A point of sale (POS) system from SAP is wide open—allowing anyone to go in and steal payment card data or, in a new cybercrime wrinkle, change prices on merchandise.

According to ERPScan—which used the example of hacking in to change the price of a MacBook to $1—the SAP POS Xpress Server does not perform any authentication checks for critical functionality that requires user identity. As a result, administrative and other privileged functions can be accessed without any authentication procedure.

And that means that anyone who gets into the network can change prices or set discounts—among other things.

 “It’s no secret that POS systems are plagued by vulnerabilities and numerous incidents occurred because of their security drawbacks came under the spotlight,” said Alexander Polyakov, CTO at ERPScan. “Unlike the majority of such malware designed to steal customers’ data, this one provides cyber-attackers with an unfettered control over the whole POS system.
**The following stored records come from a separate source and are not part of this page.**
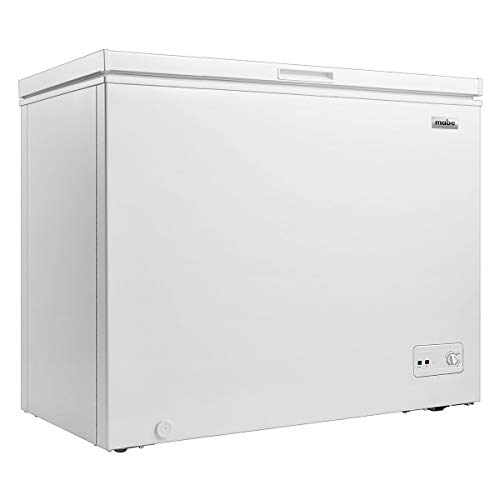 Refrigeradores, Kitchen Imagen adicional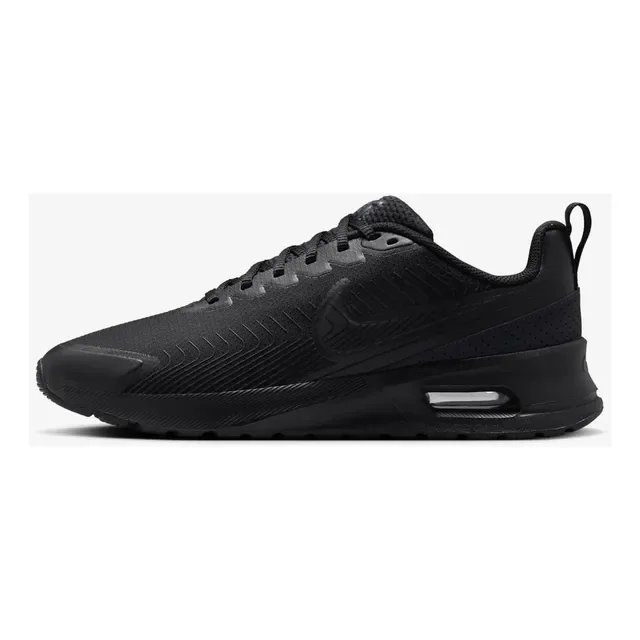 Tênis Nike Air Max Nuaxis (37 a 42)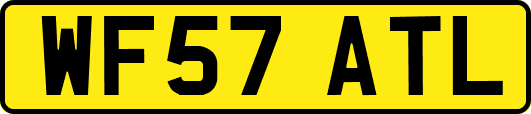 WF57ATL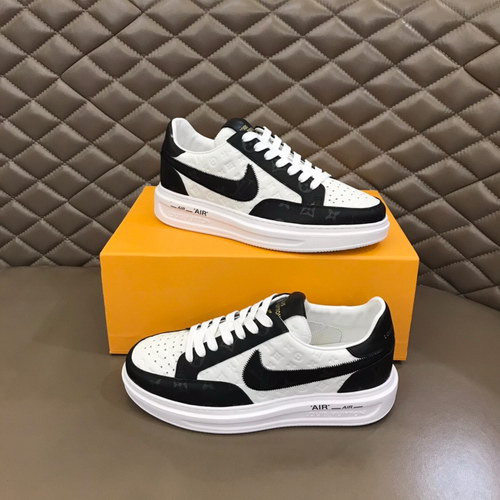LV Shoes(AAA)-810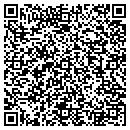 QR code with Property Connections LLC contacts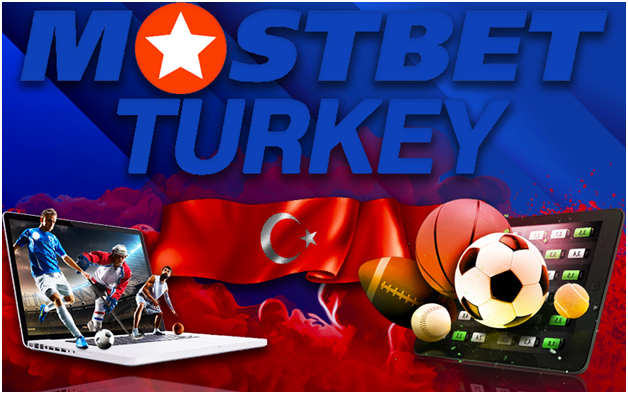 Mostbet India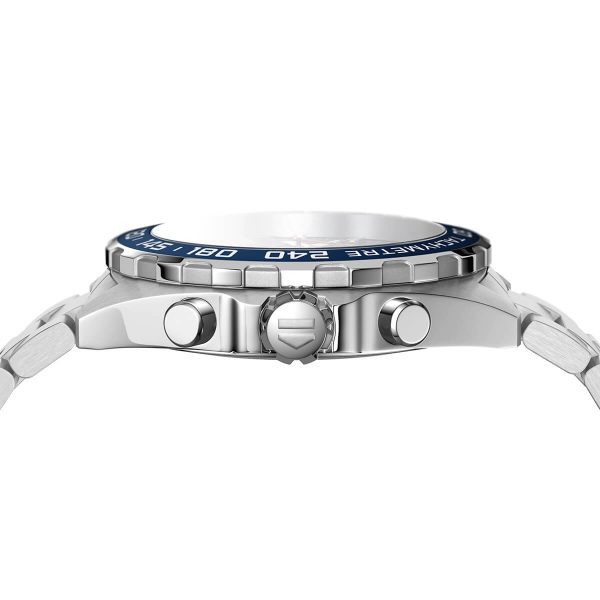 Tag Heuer Formula 1 Watch CAZ1014.BA0842 4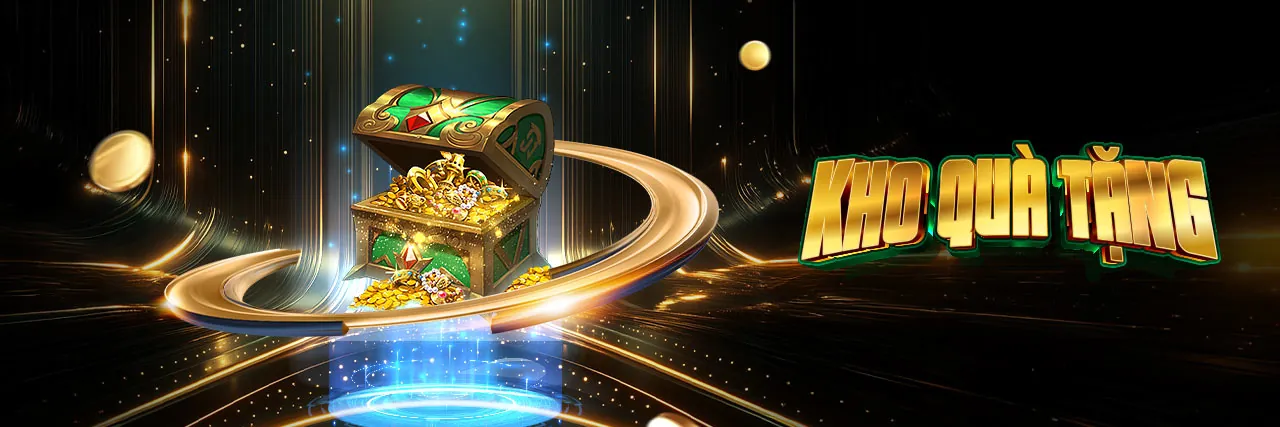 Banner tin tức chính thức 777vin chính thức 2026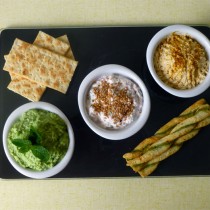 Rilette-Petit-pois-menthe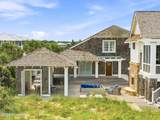 11 East Beach Drive - Photo 71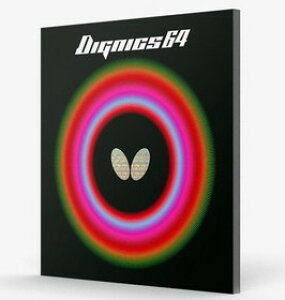 y䂤pPbgőzo^tC ^}X fBOjNX64 06060 006 Ac bh 싅po[ nCeVo[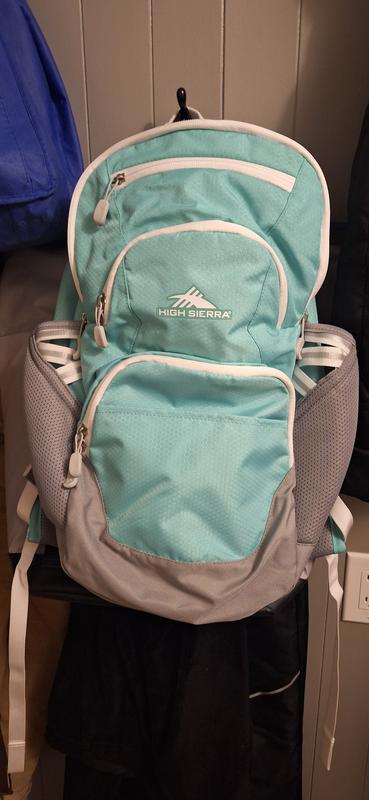 Macy's high sierra backpack best sale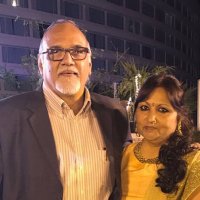 Bharat Malik (@bharatm73466557) 's Twitter Profile Photo Bharat Malik (@bharatm73466557) 's Twitter Profile Photo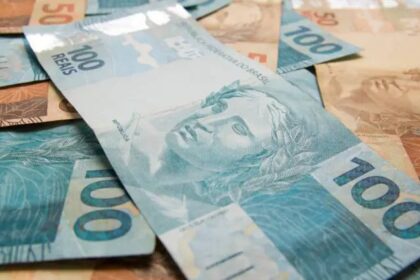 Super-ricos pagam menos Imposto de Renda que classe média desde 2009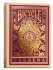 Покерные колоды карт: Bicycle Verbena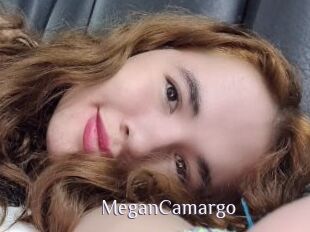 MeganCamargo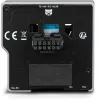 Thermal Grizzly WireView Pro II GPU Power Monitoring Device - White, Reversed (12V-2x6-Pin, USB-C)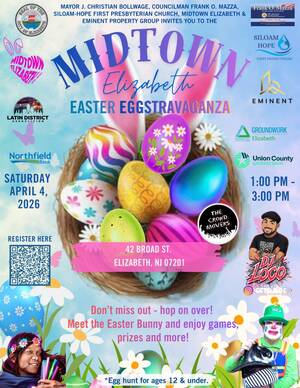 Carousel image c8dfee989cbc9143e185 658111940 1246295681007744 662143734318340480 n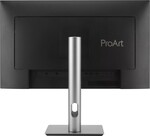 ASUS ProArt PA278CGRV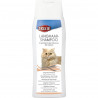 TRIXIE CAT ŠAMPŪNS GARIEM MATIEM, 250 ml|Trixie
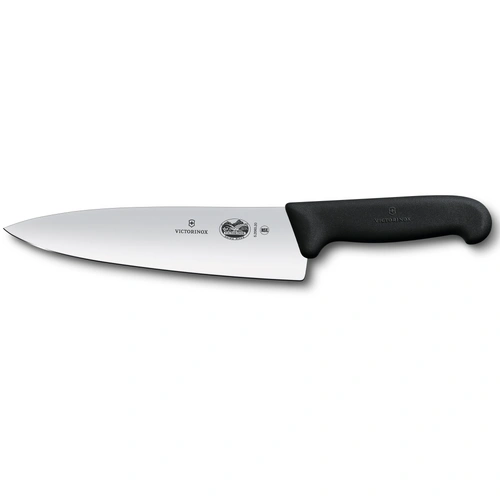 Victorinox Fibrox Chefs Knife 20 Cm 5.2063.20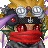 User's Avatar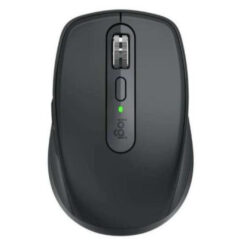 Miš Wireless Logitech MX Anywhere 3S crni 910-006958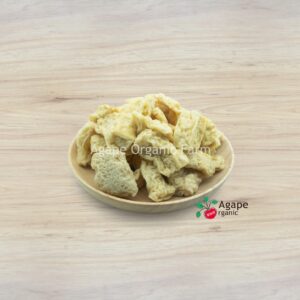 Putian Tohu 兴化蒲豆 200g/PKT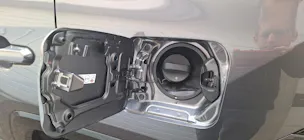 Toyota RAV4 2.5 Plug-In-Hybrid Premium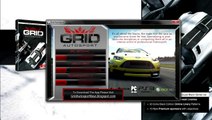 Grid Autosport Steam Keys Xbox360 Ps3 Gratuit free Télécharger FR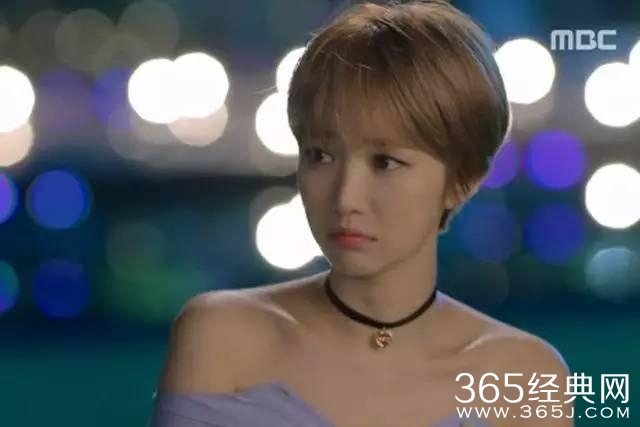 《她很漂亮》韩版 vs中版,谁的颜值更胜一筹?你更爱哪款?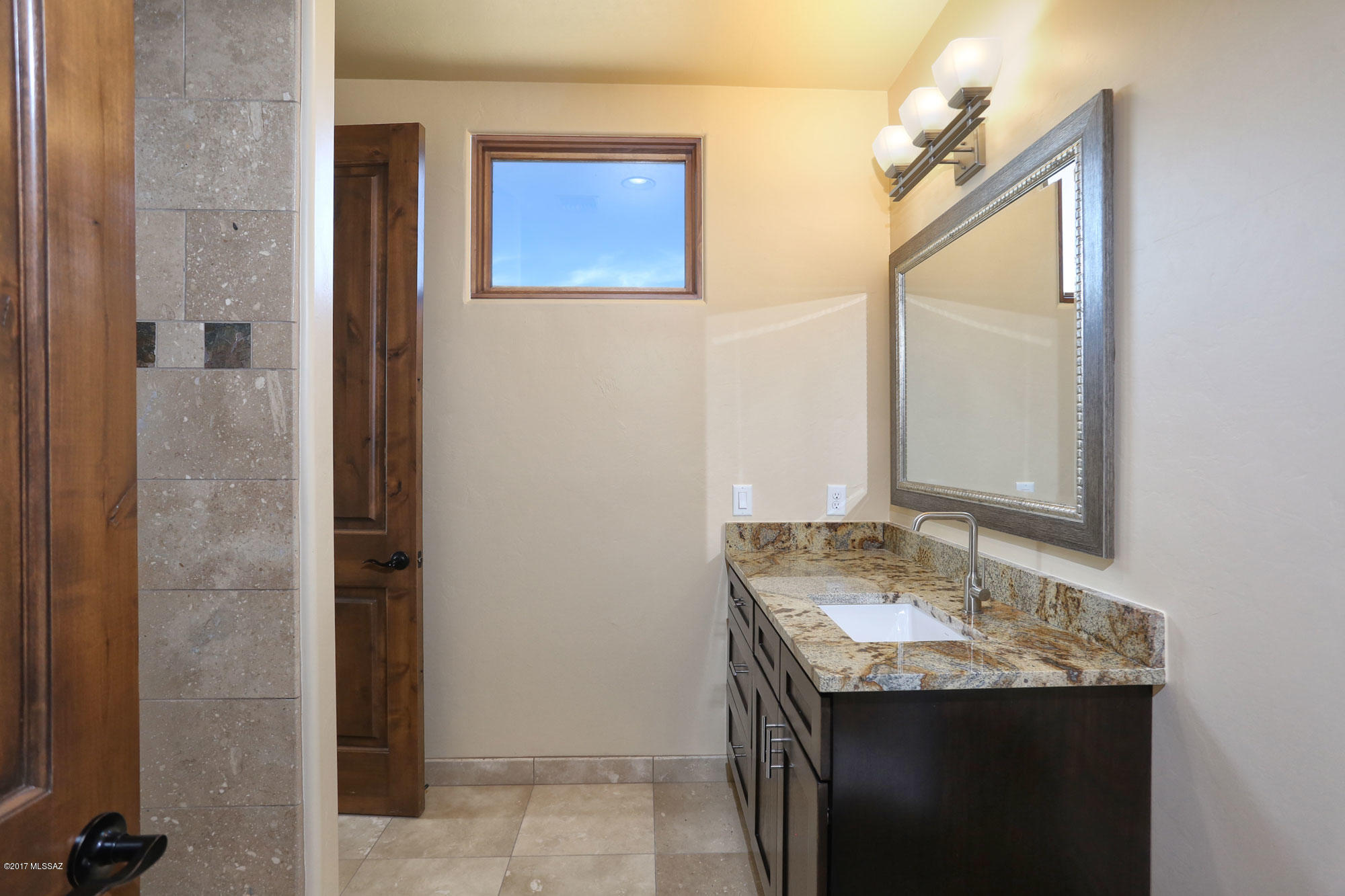 Rancho Soldados - Residential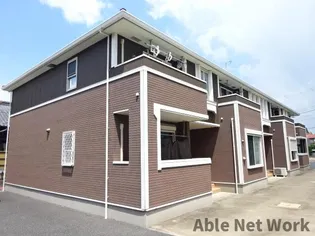 トルテュパシアン港ヶ丘の画像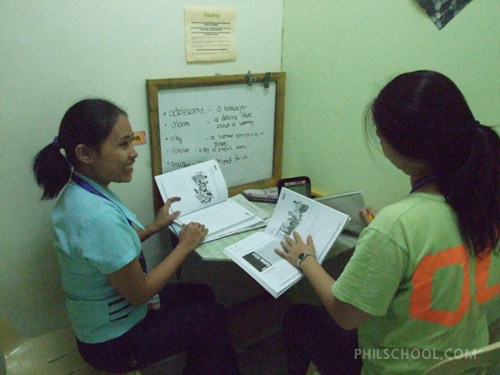 USP_USP-ESL 018-076.jpg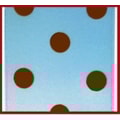 21-AZUL/MARROM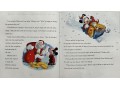 Disney Christmas Storybook Collection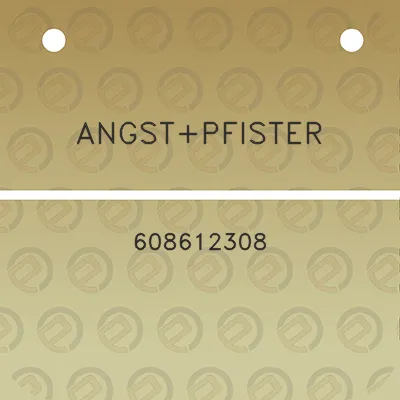 angstpfister-608612308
Multiple missing authorization checks on the server side of SAP POS allowed a hacker to use a legitimate software functionality (which must have restricted access), meaning that malicious actions are difficult to detect.”

He added, “The major part of other POS malware is a one-trick pony as it allows nothing but compromised data. Of course, it’s a costly risk, but the vulnerabilities we found go much further. Stealing credit-card numbers, setting up prices and special discounts, remote starting and stopping a POS terminal—all of these options are on the hacker’s menu.”

SAP POS is a part of the SAP for Retail solution portfolio, which serves 80% of the retailers in the Forbes Global 2,000.

"Enterprises struggle with managing risk from third-party unmanaged assets on their network that are vulnerable, such as PoS systems,” said Gaurav Banga, founder and CEO, Balbix, via email. “These devices are a part of critical business processes and have a significant breach impact. What is needed is complete visibility of third-party and unmanaged assets on the network along with automatic calculation of business impact to identify threats such as vulnerable POS systems—before they get breached."

The vulnerabilities have been patched—and administrators should apply the patches as soon as possible.